The Anti-Psalm 131 vs. the Real Psalm 131
I’m grateful that CCEF is periodically posting great meditations from David Powlison. The latest is on Psalm 131, entitled “Peace, Be Still”: Learning Psalm 131 by Heart. Powlison argues that “Psalm 131 is show-and-tell for how to become peaceful inside.”
One of the things that Powlison likes to do is to contrast a biblical God-centered worldview with a functional godless universe; he does so by composing “anti-Psalms” that show the opposite of the life of the faith.
Here’s Anti-Psalm 131:
my heart is proud (I’m absorbed in myself),
and my eyes are haughty (I look down on other people),
and I chase after things too great and too difficult for me.

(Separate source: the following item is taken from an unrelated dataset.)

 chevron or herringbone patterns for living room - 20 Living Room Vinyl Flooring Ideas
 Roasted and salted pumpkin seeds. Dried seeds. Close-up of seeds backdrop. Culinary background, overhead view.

So of course I’m noisy and restless inside, it comes naturally,
like a hungry infant fussing on his mother’s lap,
like a hungry infant, I’m restless with my demands and worries.
I scatter my hopes onto anything and everybody all the time.
Contrast that with the real Psalm 131:
my heart is not lifted up;
my eyes are not raised too high;
I do not occupy myself with things too great and too marvelous for me.
But I have calmed and quieted my soul,
like a weaned child with its mother;
like a weaned child is my soul within me.